Protect Your Health, Wellbeing: Consider Long-Term Care Insurance

Protect Your Health, Wellbeing: Consider Long-Term Care Insurance

Feb 20 2018

Long-term care is a subject most people would like to avoid, but most people turning 65 can expect to require some form of long-term care during their lifetime, according to longtermcare.gov.

By: Chuck Gibson, President of Senior Insurance Services, Inc.

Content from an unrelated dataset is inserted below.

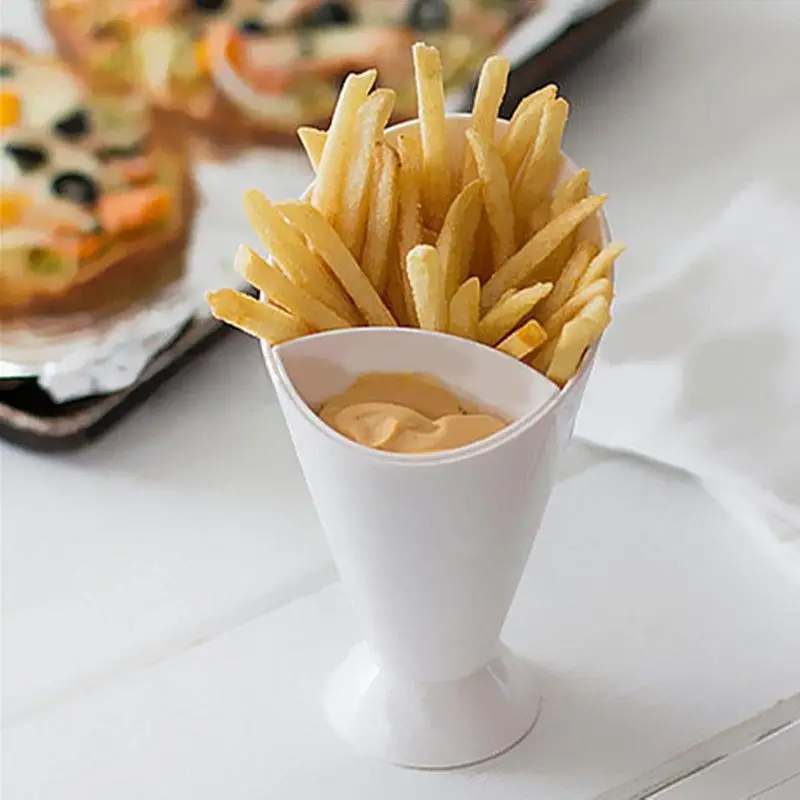 Kitchen Serving Tool Snack Cone Stand + Dip Holder For Chips Finger Food Sauce White Fries Dip and Cone Cup Snack Holder Serving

Long-term care, such as in-home health care or a nursing home facility, can be devastating financially and emotionally, not only for those who need care, but for their families as well. Most people think it is just the elderly who will end up needing long-term care, but nearly 41 percent of people using long-term care today are under the age of 65, according to the Federal Long Term Care Insurance Program. Current costs for this type of care run between $40,000 and $85,000 annually, depending on the type of care needed. These expenses are not covered by major medical plans or Medicare, as the majority of care needed is custodial care as opposed to skilled health care. Additionally, retirement plans, savings plans and the assets in living trusts are not protected against depletion to pay for your long-term care expenses.

Most people think it is just the elderly who will end up needing long-term care, but nearly 41 percent of people using long-term care today are under the age of 65.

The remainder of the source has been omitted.